§ INPUT DATA

========

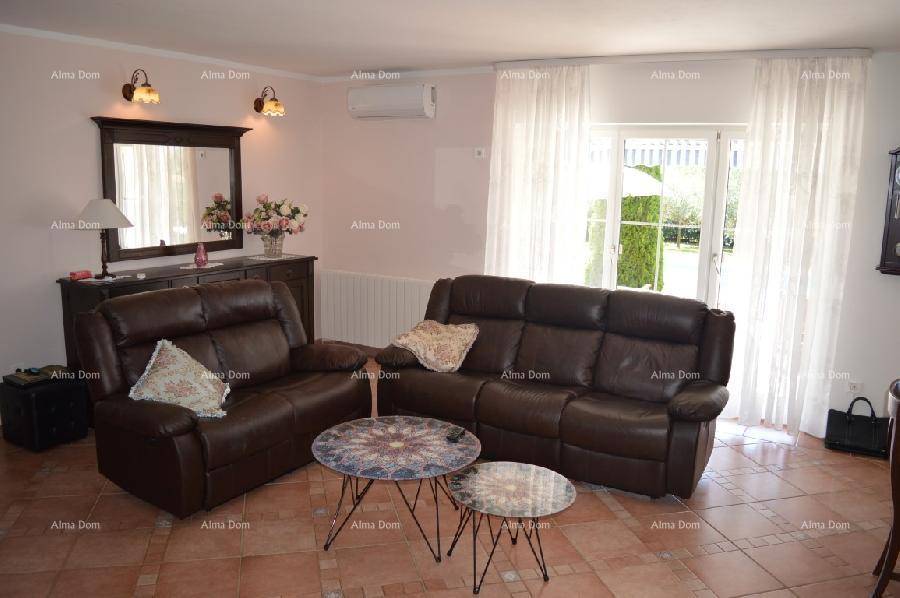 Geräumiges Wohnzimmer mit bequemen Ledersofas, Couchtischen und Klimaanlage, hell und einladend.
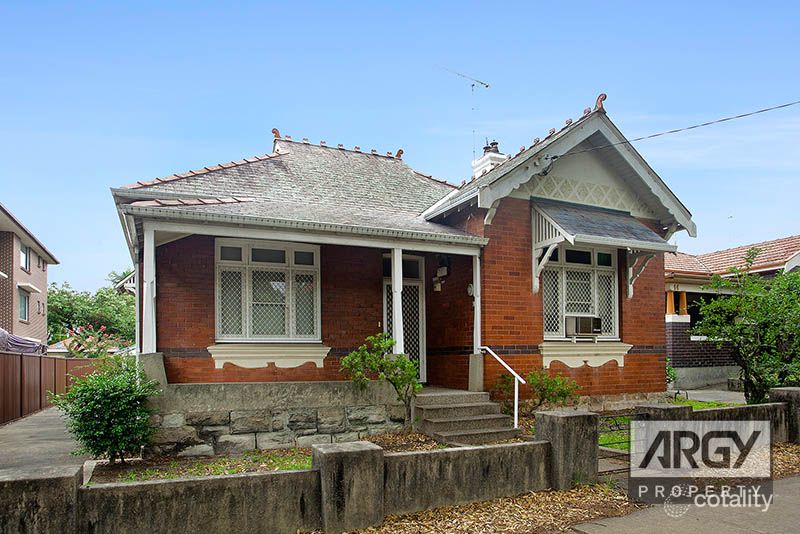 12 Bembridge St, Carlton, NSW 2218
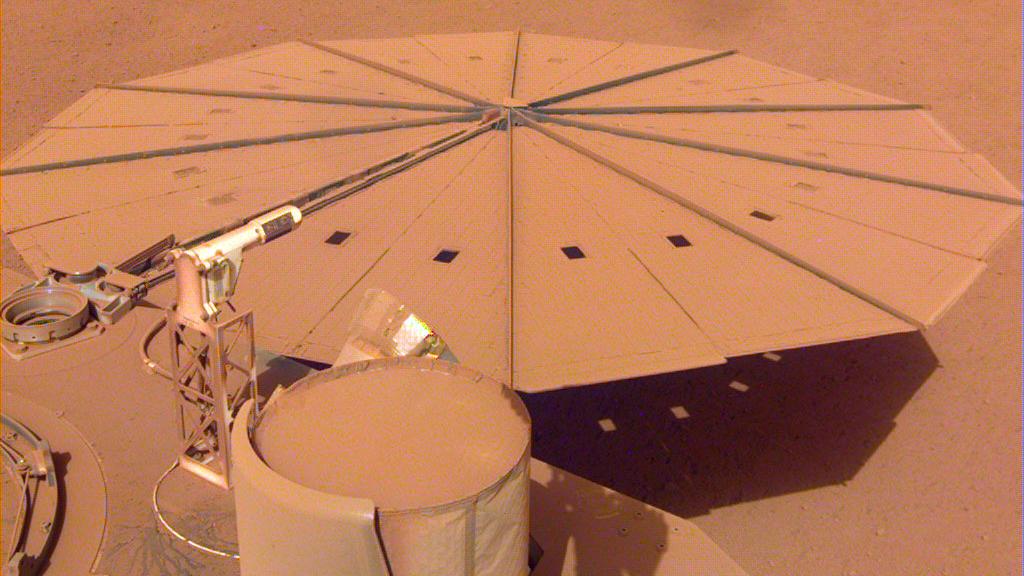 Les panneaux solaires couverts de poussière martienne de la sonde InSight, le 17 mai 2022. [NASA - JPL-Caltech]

========

§ EXERCISE REQUIREMENTS
Reproduce the whole listing exactly, but not the images in it.

§ RESPONSE TO THIS TASK
 Geräumiges Wohnzimmer mit bequemen Ledersofas, Couchtischen und Klimaanlage, hell und einladend.
 12 Bembridge St, Carlton, NSW 2218
 Les panneaux solaires couverts de poussière martienne de la sonde InSight, le 17 mai 2022. [NASA - JPL-Caltech]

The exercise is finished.